Tarih 16 Mart 1988 Halepçe semalarında 25-30 uçağın görüntülü sesleri ile inliyordu. Halepçeliler bu ‘davetsiz misafirlerin’ kendilerine hazırladığı ‘hediyeler’den habersiz yara aç yarı tok emperyalizmin ve faşist Sadam rejimin onlara sunduğu yoksul yaşamlarını sürdürmekteydiler.
Önce korkunç patlamalar geldi peşin sıra… Siyanür, Hardal… 100’e yakın kimyasal bomba atılmıştı üstlerine, her yanı bir elma kokusu sarmıştı. 70 bin nüfuslu Halepçe bir cehennem yerine dönmüştü o gün.
Gözler karardı önce… Bedenler sessiz yığıldılar oldukları yere 5000 Kürt neler olduğundan habersiz, son kez bakıyordu Halepçe’ye çocuk, genç, yaşlı, kadın, erkek… Sokakları, evler cansız bedenlerle dolup taşmıştı. Sığınaklara kaçanlara sığınaklarda ulaştı ‘Mdde-i kimyasal, dağlara kaçmak isteyenleri yarı yolda yakaladı. Çığlıklar yükseldi Halapçe’nin her bir köşesinde.
Ölüm Apansız yakalanmıştı Halepçe’yi, Halepçeliler geride, 5000 ölüsünü bırakıp göçüyordu İran’a Türkiye’ye on binlerce Kürt telörgülerle çevrili kamplara yerleştirdiler.
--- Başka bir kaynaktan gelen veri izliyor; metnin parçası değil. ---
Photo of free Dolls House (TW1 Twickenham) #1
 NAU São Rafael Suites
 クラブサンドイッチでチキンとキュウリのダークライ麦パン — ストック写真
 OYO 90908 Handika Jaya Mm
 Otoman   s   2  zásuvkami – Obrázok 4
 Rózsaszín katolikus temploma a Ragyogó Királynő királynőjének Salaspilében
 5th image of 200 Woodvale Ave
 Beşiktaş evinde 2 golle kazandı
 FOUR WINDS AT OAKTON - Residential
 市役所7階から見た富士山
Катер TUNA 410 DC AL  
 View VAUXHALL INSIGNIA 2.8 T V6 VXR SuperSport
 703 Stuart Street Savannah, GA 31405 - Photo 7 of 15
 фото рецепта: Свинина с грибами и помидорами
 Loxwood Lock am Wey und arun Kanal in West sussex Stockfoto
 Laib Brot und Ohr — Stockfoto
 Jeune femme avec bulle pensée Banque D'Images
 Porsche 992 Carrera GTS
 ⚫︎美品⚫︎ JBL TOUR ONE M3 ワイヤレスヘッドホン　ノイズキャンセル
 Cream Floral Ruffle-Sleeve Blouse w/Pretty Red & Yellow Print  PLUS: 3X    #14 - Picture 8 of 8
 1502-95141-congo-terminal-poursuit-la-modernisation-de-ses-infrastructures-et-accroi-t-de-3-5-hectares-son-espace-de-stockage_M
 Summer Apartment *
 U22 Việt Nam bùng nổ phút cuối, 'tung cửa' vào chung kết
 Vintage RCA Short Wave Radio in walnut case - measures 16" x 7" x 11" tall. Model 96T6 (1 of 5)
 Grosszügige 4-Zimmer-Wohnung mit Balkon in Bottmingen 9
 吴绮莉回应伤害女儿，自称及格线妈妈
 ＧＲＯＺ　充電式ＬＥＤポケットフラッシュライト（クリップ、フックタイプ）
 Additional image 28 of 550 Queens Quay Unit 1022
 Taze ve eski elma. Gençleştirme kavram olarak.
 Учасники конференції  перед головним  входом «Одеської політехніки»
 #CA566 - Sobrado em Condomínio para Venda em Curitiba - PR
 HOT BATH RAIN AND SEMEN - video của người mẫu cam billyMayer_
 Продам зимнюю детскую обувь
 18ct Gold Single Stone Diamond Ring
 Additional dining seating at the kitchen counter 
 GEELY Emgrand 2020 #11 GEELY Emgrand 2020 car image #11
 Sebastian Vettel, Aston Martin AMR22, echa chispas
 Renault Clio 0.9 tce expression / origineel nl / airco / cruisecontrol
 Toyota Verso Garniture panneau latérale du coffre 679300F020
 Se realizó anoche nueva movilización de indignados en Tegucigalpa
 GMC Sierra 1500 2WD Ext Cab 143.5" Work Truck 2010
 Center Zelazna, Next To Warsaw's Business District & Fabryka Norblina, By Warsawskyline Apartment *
Binlercesi de hastanelere dolduruldu.
‘Sessiz ölüm’ sessizce gerçekleşmişti. Dünya Halepçe katliamının tüm boyutlarını çok sonraları öğrenecekti.
Bugün hala bu vahşi katliamın, acıları, yaralarını taşıyor Halepçe. Ancak Halepçe ne ilkti ne de son oldu. Emperyalizm ve onun işbirlikçi uşakları sömürü düzenlerini ayakta tutabilmek için her dönem, dünyanın her köşesinde Halepçe’ler yaratmaktan bir an bile geri durmadılar. Sorun atılan bombaların kimyasal olup olmaması değildi elbette. Sorun emperyalizmin sömürü düzeninin varlığın yokluğu meselesiydi. Halepçe emperyalizmin kendisi ile özdeşleşen, asimilasyon, katliam soykırım, jenosit politikalarının ürünüydü. Ve bu politikalar dünyanın birçok köşesinde olduğu gibi Türkiye Kürdistan’da da on yıllardır sürdürülüyor. Bugün Kürdistanın her taşı, toprağı her yani Halepçeleştirildi.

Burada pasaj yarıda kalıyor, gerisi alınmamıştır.